Activity: Restate, word for word and with no pictures, the stretch of lines in the data below that begins at the line with "Students using handheld" and ends at the line with "The main characters", inclusive.

Captioned web images:
######

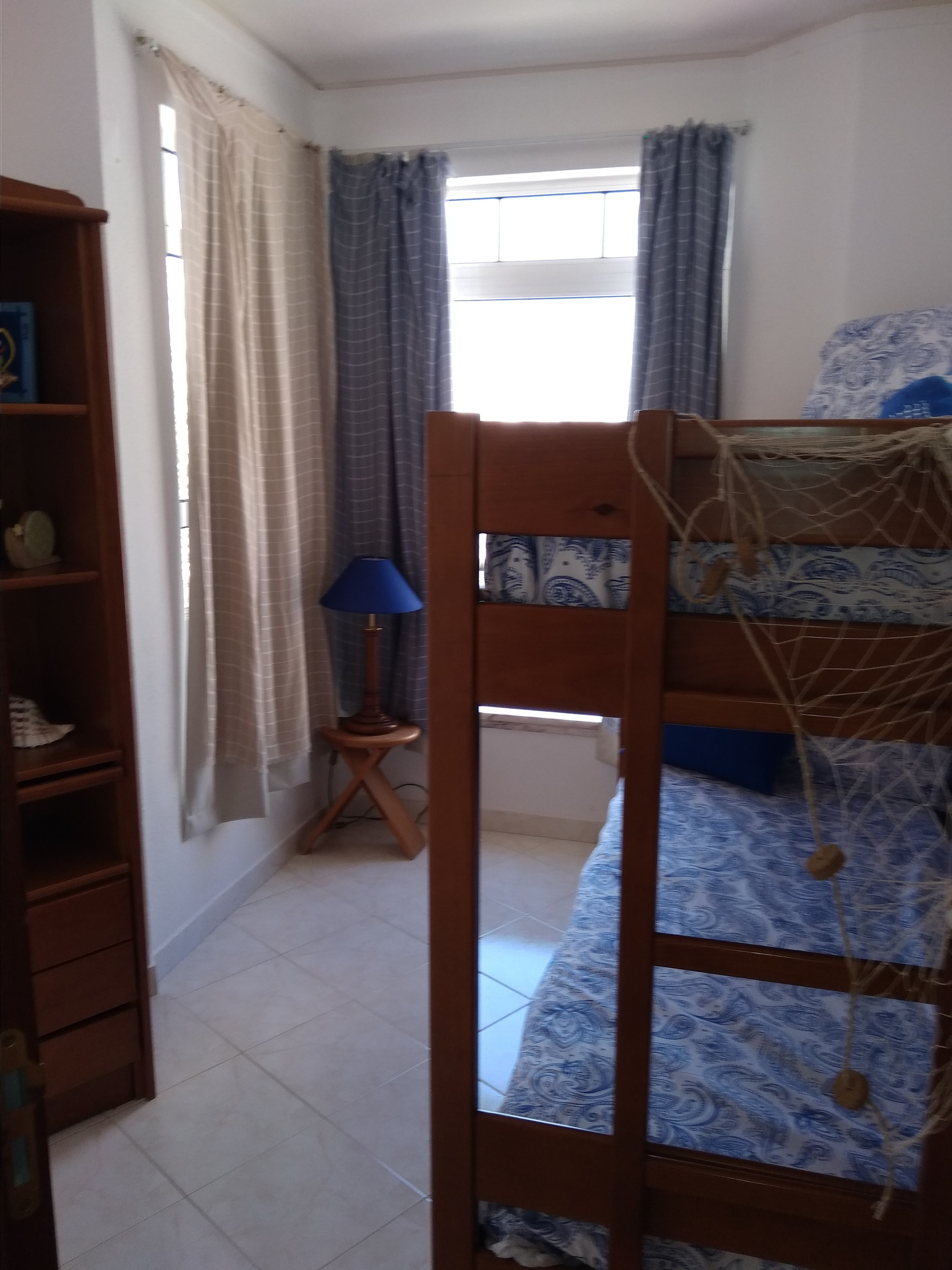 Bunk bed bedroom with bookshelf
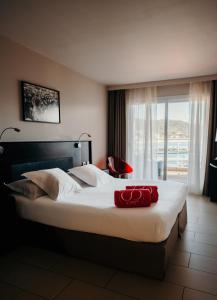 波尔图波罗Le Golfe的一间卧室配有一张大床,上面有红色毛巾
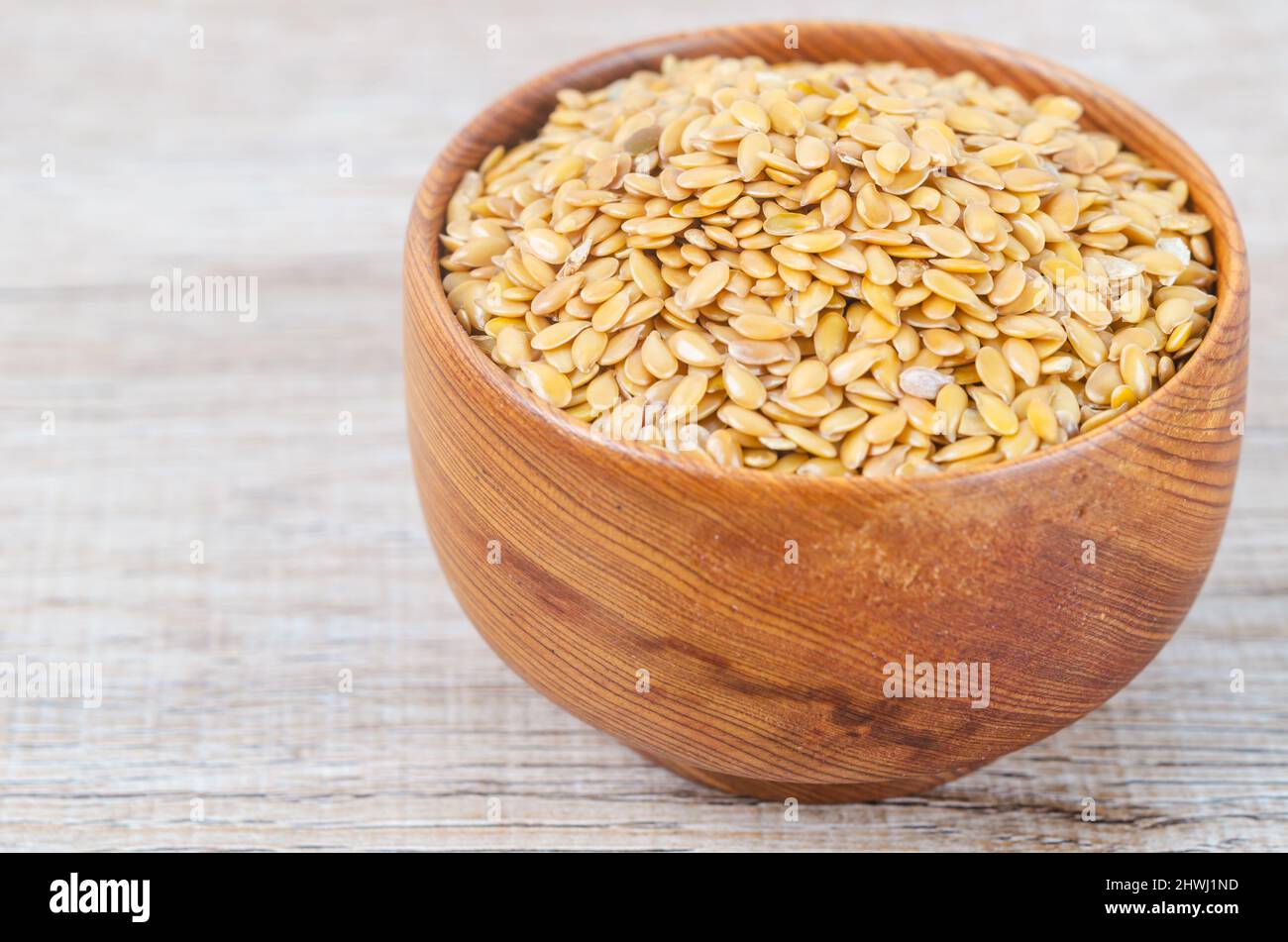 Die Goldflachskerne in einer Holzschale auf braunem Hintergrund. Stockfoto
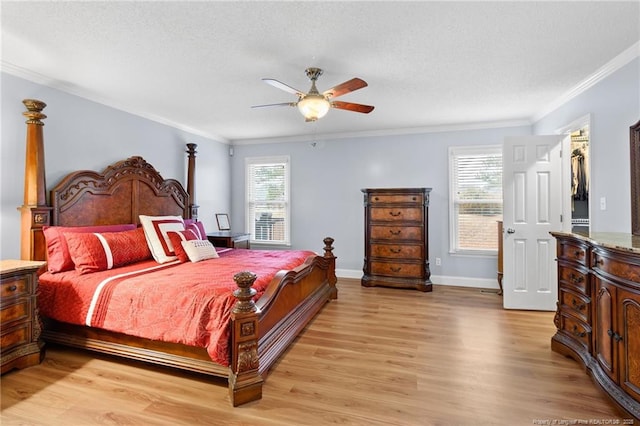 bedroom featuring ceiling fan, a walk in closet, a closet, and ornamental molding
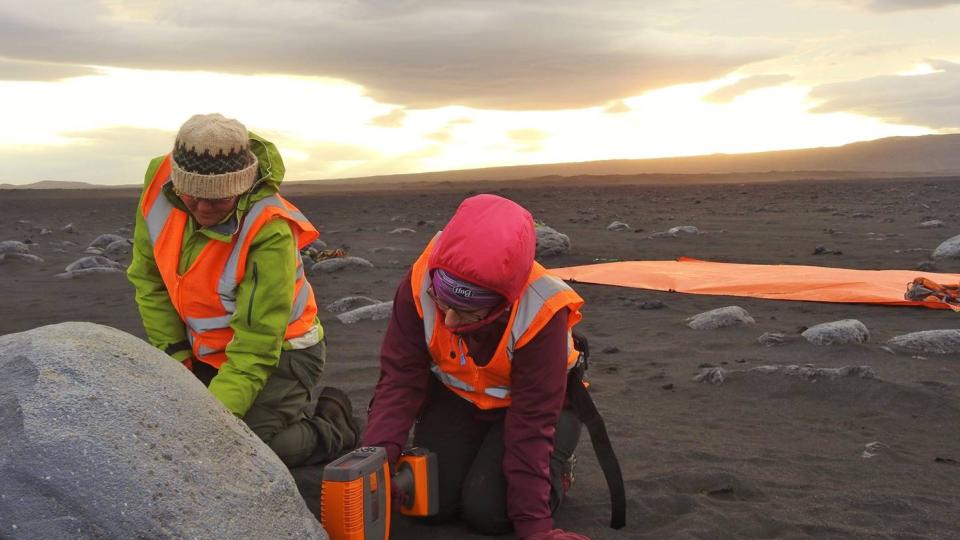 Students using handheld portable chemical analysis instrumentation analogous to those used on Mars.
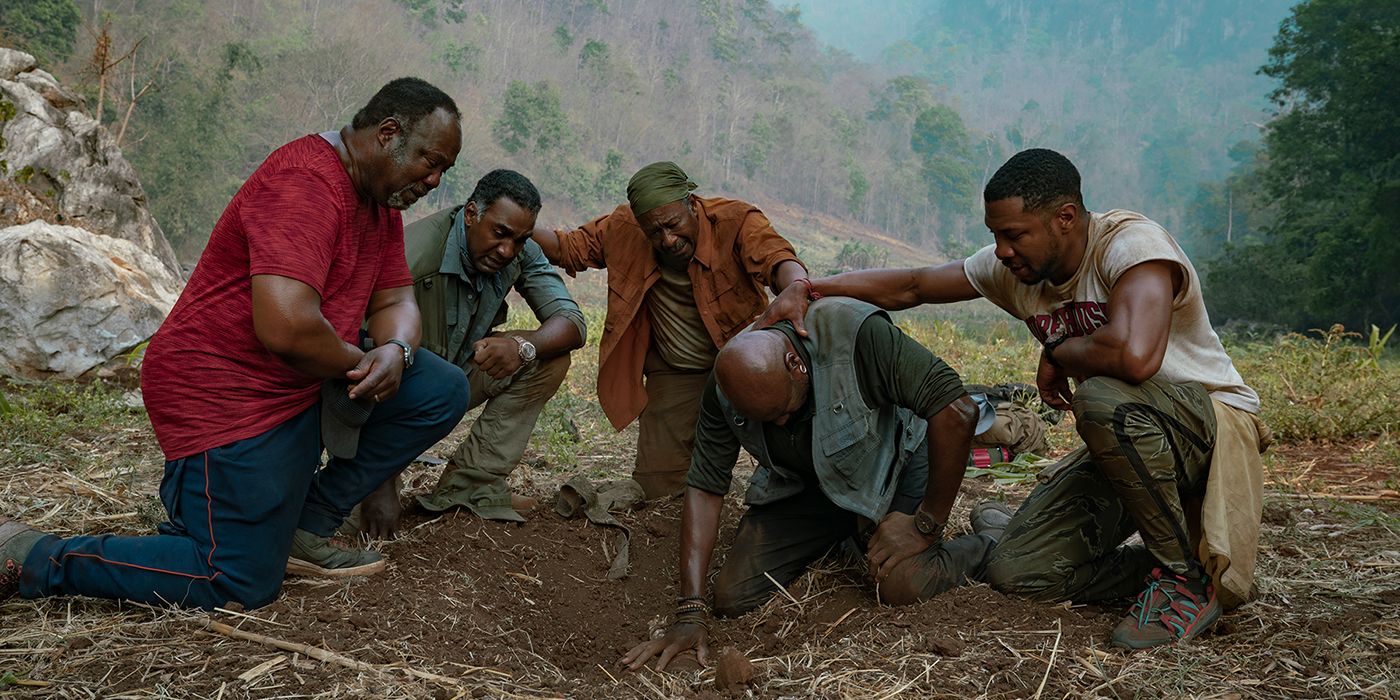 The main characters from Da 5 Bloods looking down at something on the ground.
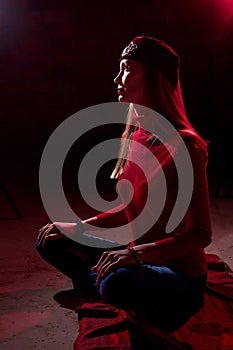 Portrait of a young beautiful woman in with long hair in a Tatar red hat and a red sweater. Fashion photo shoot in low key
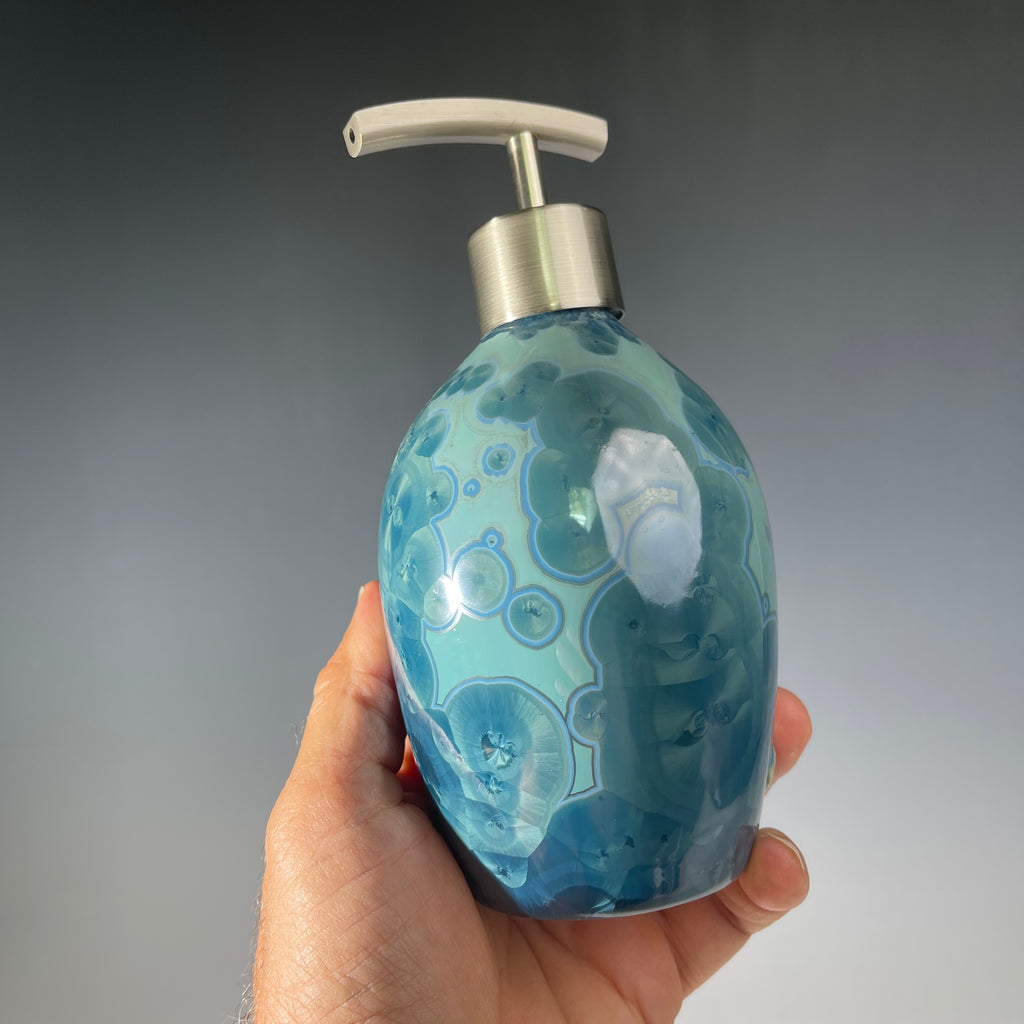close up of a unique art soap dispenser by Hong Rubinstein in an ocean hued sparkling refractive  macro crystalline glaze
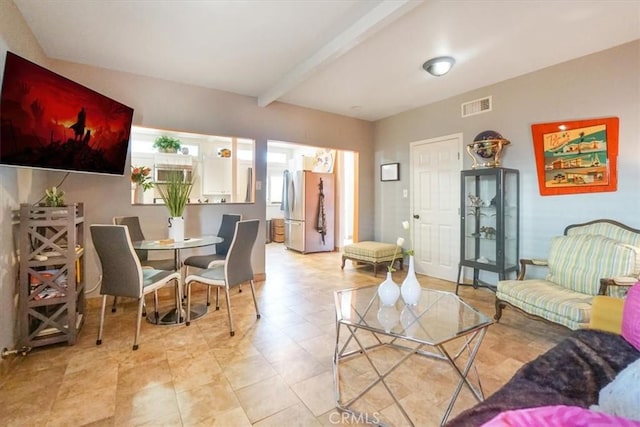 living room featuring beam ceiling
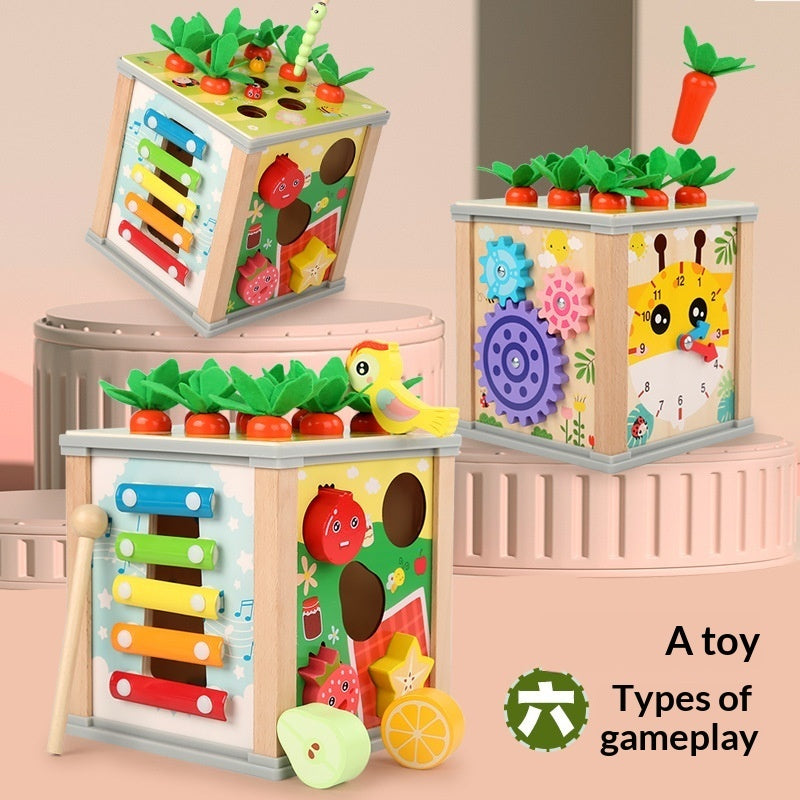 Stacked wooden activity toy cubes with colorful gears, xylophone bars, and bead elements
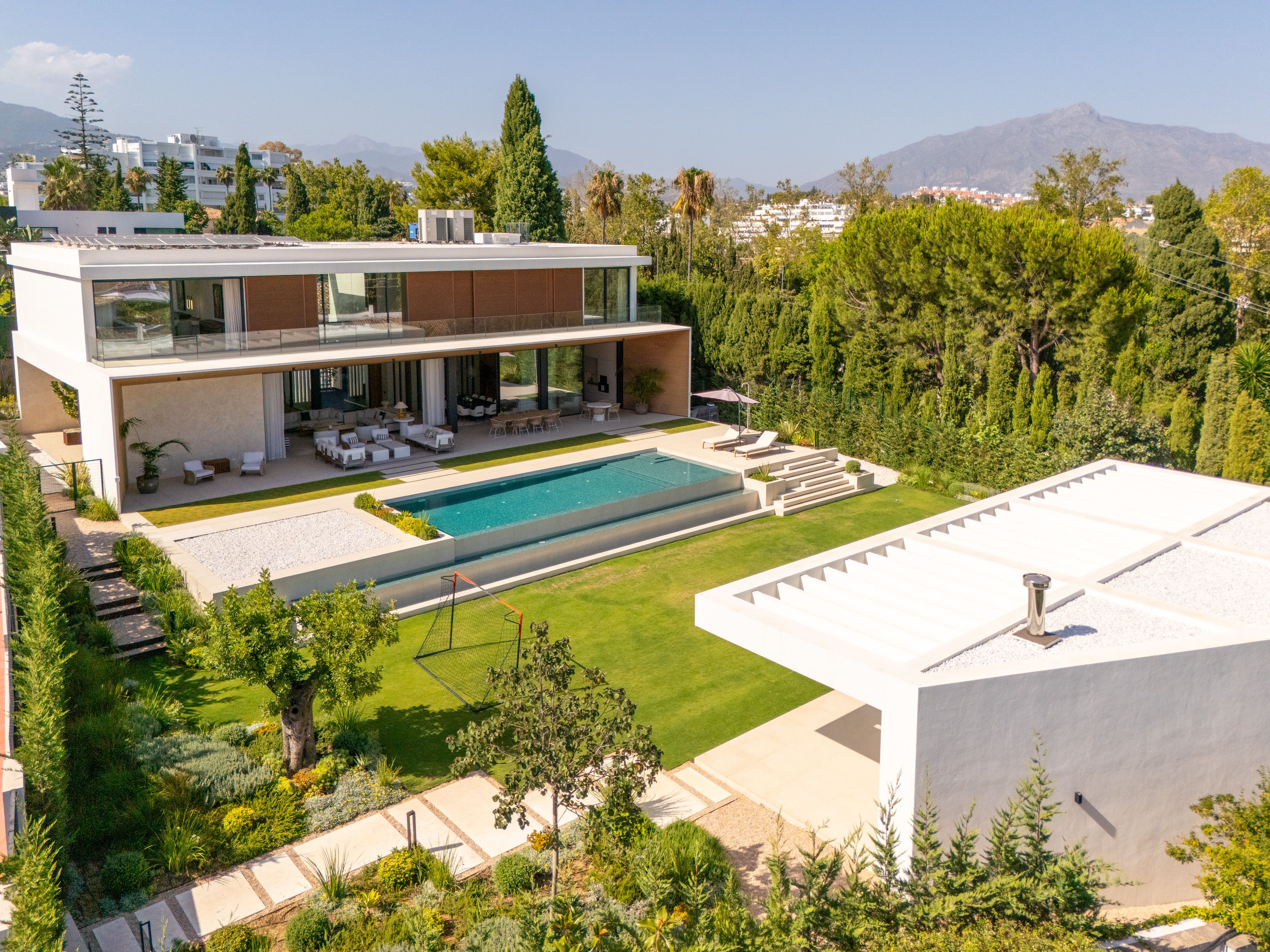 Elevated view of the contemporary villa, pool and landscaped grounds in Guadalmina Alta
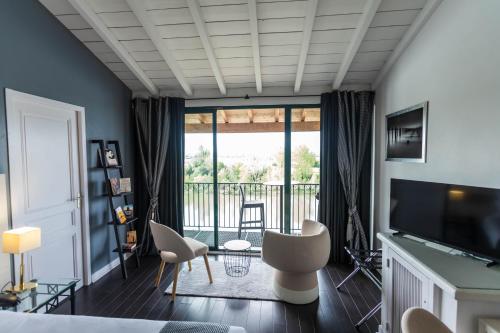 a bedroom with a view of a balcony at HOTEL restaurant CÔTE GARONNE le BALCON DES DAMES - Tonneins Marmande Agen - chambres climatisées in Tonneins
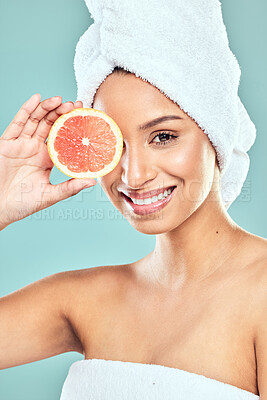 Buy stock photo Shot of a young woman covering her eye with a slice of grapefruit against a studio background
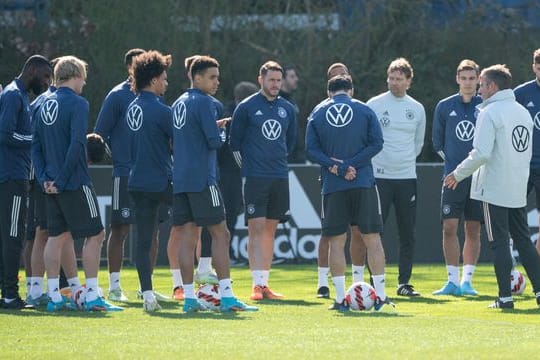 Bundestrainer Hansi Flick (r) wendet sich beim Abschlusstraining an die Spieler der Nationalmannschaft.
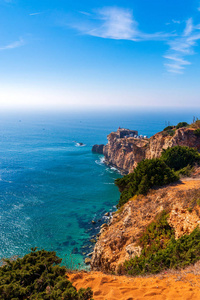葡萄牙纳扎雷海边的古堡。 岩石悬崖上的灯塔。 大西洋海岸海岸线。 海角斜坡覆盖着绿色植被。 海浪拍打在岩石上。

######

Exercise result:
 Students using handheld portable chemical analysis instrumentation analogous to those used on Mars.
 The main characters from Da 5 Bloods looking down at something on the ground.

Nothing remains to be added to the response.